> [ASSIGNMENT]: As the answer, set down the lines below from the one containing "Стирально-сушильная машина Weissgauff" through the one containing "Noisydesigns PU кошелек", exactly and inclusively, and no others.
● ● ● ●
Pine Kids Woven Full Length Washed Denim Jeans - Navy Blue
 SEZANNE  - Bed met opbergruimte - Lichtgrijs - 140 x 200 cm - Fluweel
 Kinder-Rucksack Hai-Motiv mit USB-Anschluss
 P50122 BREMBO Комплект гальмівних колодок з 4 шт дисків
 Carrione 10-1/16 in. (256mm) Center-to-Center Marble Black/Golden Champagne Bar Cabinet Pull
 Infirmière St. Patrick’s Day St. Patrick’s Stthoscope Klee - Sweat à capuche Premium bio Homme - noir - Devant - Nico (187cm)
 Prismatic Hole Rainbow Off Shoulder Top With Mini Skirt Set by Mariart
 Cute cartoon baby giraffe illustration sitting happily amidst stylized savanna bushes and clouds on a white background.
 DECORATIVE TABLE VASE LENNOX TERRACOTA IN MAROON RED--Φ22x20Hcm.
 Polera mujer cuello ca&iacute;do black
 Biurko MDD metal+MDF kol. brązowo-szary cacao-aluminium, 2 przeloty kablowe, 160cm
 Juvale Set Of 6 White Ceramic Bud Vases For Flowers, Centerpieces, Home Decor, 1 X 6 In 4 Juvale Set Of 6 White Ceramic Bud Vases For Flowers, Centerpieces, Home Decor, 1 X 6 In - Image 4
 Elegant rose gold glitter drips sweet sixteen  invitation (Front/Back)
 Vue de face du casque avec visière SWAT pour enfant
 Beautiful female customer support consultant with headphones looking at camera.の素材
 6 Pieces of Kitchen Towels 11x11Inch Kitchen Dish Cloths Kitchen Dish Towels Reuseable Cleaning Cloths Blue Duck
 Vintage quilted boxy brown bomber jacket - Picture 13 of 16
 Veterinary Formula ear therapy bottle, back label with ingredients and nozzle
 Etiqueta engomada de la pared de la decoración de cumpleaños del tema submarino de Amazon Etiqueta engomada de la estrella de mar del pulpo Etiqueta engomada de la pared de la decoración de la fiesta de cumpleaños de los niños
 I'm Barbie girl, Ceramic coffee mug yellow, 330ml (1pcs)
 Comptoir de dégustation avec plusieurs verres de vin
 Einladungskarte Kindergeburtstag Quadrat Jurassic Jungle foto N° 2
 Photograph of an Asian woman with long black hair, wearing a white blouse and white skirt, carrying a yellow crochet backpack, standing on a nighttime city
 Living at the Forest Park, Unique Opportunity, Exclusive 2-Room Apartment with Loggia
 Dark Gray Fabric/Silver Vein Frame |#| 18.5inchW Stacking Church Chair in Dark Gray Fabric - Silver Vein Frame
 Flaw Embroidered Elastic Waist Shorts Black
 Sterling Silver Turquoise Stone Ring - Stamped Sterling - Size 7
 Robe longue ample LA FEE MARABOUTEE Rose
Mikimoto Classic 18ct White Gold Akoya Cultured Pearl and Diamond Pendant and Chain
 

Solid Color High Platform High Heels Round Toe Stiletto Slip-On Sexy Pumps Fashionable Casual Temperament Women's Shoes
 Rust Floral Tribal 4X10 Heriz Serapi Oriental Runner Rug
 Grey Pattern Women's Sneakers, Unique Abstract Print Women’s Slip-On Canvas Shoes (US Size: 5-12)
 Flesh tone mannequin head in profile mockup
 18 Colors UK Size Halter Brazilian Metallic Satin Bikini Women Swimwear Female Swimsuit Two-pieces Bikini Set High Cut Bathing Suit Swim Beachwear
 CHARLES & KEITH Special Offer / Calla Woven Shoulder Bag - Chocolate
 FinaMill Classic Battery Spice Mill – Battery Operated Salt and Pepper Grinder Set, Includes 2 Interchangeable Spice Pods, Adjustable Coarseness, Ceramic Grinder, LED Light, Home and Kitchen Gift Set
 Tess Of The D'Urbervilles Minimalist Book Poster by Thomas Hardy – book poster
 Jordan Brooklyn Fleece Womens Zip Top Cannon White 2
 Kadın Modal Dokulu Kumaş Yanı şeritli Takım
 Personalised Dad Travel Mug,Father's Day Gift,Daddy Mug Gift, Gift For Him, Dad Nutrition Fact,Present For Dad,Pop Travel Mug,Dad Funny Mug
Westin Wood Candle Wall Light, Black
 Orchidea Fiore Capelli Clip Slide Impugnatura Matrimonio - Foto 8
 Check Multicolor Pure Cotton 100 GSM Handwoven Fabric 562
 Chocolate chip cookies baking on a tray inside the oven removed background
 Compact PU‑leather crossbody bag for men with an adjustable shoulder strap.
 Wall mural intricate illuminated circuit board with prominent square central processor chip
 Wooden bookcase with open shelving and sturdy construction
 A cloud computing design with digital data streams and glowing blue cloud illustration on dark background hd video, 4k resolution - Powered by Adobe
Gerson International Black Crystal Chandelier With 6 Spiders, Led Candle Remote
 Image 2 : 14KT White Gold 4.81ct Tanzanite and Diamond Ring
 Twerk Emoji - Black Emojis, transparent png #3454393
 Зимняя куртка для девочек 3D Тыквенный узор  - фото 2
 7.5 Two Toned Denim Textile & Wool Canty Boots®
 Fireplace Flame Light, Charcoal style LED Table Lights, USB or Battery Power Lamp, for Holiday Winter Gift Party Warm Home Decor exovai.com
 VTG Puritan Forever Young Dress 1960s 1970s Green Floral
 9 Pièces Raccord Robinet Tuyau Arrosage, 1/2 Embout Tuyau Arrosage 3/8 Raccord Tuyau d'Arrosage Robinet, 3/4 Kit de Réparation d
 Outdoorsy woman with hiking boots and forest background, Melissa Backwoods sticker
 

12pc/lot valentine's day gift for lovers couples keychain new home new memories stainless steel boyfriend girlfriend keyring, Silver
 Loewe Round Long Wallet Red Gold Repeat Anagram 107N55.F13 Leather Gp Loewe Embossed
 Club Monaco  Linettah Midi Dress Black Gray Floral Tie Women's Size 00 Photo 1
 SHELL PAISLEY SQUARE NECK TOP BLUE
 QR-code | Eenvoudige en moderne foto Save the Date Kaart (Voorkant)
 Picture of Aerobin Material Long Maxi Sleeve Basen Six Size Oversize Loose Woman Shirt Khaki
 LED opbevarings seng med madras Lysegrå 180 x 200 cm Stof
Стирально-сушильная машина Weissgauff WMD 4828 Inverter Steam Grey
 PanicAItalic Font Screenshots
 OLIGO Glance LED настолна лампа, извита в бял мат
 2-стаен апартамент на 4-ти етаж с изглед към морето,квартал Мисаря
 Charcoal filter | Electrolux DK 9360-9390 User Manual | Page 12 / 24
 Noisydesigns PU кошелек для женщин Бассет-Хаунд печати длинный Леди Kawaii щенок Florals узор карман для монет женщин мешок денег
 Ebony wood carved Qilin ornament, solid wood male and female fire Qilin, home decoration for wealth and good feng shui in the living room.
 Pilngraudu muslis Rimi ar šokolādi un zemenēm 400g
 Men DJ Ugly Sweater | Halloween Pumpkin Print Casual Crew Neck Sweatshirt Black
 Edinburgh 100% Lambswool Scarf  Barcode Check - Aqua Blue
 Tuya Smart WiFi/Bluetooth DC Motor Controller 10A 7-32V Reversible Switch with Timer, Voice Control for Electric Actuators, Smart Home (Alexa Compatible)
● ● ● ●
> [SOLUTION TO THE EXERCISE]:
Стирально-сушильная машина Weissgauff WMD 4828 Inverter Steam Grey
 PanicAItalic Font Screenshots
 OLIGO Glance LED настолна лампа, извита в бял мат
 2-стаен апартамент на 4-ти етаж с изглед към морето,квартал Мисаря
 Charcoal filter | Electrolux DK 9360-9390 User Manual | Page 12 / 24
 Noisydesigns PU кошелек для женщин Бассет-Хаунд печати длинный Леди Kawaii щенок Florals узор карман для монет женщин мешок денег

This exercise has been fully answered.